Four myths about chronic pain and addiction include the following:
- Myth: Individuals who take medications for chronic pain always become addicted to them.
Fact: Individuals who take pain medications as prescribed under the guidance of a physician rarely develop an addiction. This fact does not change even when pain medications are taken for a significant time period to treat chronic pain.
- Myth: Individuals who take medications for chronic pain are more likely to use illicit substances.
Fact: Unfortunately, most people who use illicit opioids, such as heroin, have previously used prescription opioids or other pain medications.

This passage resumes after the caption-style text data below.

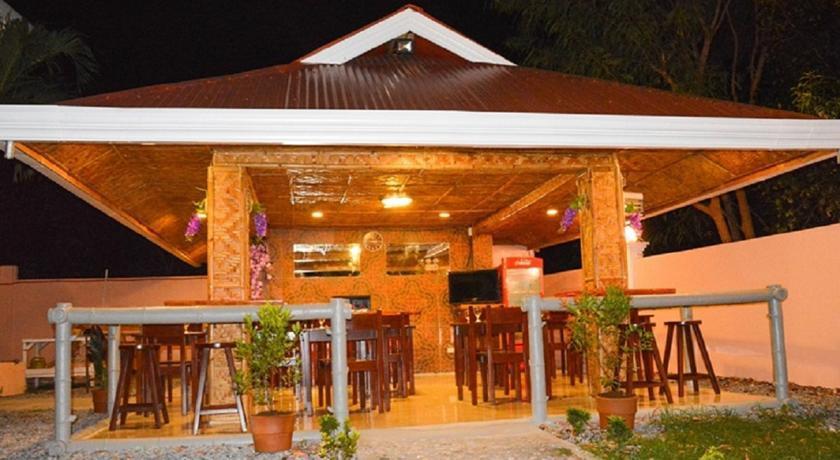 פנגלאו Conrada'S Place Hotel And Resort מראה חיצוני תמונה
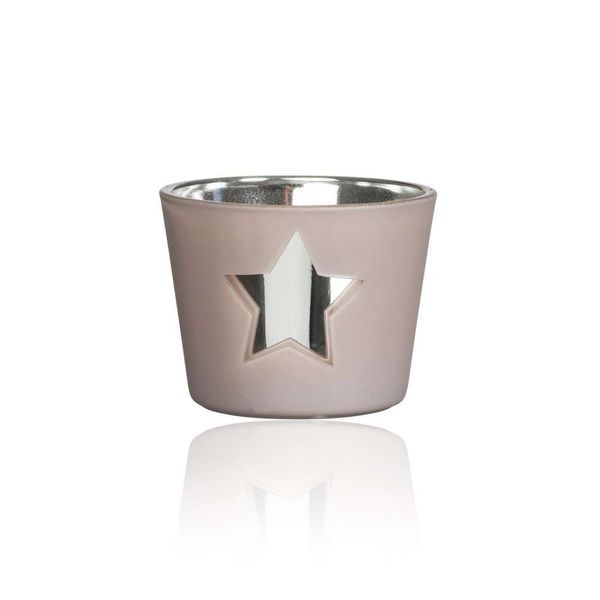 Sandra Rich Teelichthalter SANDRA RICH, GLAS-TEELICHT günstig online kaufen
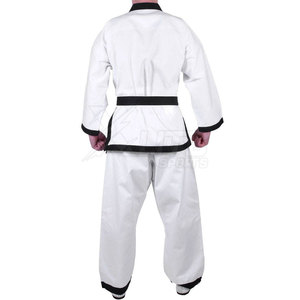 Uniforme de Judo de Alta Calidad, Tela Suave, Diseño Ligero, Alta Demanda, Logotipo Frontal Personalizable, Elección Perfecta para Hombres - Product Image 2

However, most people who are prescribed opioids for chronic pain do not go on to use heroin or other illicit substances.
- Myth: It is better to be in pain than to risk addiction to pain medication.
Fact: Untreated or undertreated pain can cause needless suffering. It can lead to self-medicating in unhealthy ways, feelings of hopelessness, or even suicidal thoughts or behaviors. Untreated chronic pain can also negatively impact cardiovascular health, memory and cognitive processes, and sexual function. While individuals should not be careless with pain medications, they have the right to receive adequate pain relief.
- Myth: If an individual needs more medication to control pain or experiences withdrawal symptoms without the medication, they are addicted.
Fact: Developing a tolerance to medication can occur even with medications that do not have addictive properties. Therefore, tolerance is not the same as addiction. Physical withdrawal occurs because of physical dependence, which is a symptom of addiction but can also occur independent of addiction. It’s important to note that addiction involves compulsive use of a substance despite the harm or negative consequences it causes.